“What’s With All The Foreign Muck?”

Walt Disney World Tickets , Orlando , Eating and Drinking
“What’s With All The Foreign Muck?”
By ATD’s Florida Experts, Susan and Simon Veness
From Boba Balls to Pongu Lumpia, from Tree Spores to Vein Pods, navigating the culinary scene during interplanetary travel can be daunting. But don’t let steamed pods or charred chimichurri put you off. That Doner Kebab with chili sauce you ate last Friday night was probably far scarier!

Of course, we’re talking about the food in Pandora at Disney’s Animal Kingdom, and while the names may be intimidating, the food that actually shows up on your plate most certainly isn’t. Still, you’ll want to choose wisely, because the most frightening thing about some of the options is their size (we’re looking at you, Satu’li Bowls)!

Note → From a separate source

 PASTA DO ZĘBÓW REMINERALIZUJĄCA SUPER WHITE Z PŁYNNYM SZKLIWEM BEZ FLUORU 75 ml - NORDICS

There is only one restaurant in Pandora, and that’s the Satu’li Canteen. It’s a counter service outlet—formerly the mess hall for the now-defunct Resources Development Administration (RDA)—which has been heavily decorated with items the Na’vi indigenous people made as symbols of their culture and then donated to the canteen to display, for the education and enjoyment of visitors coming to the planet on an Alpha Centauri Expeditions eco-tour.


Sa'tuli Canteen


But before you grab a seat you’ll have to grab a meal, and that’s where the fun starts. The Na’vi, apparently, are big on choice. The most popular items visitors tuck into are the Create-Your-Own Satu’li Bowls. It quickly becomes obvious that the Na’vi are either sticklers for instructions, or they got tired of repeating the same thing over and over to guests who are new to the concept of ‘create your own’, because the menu walks visitors through the selection process, step by step.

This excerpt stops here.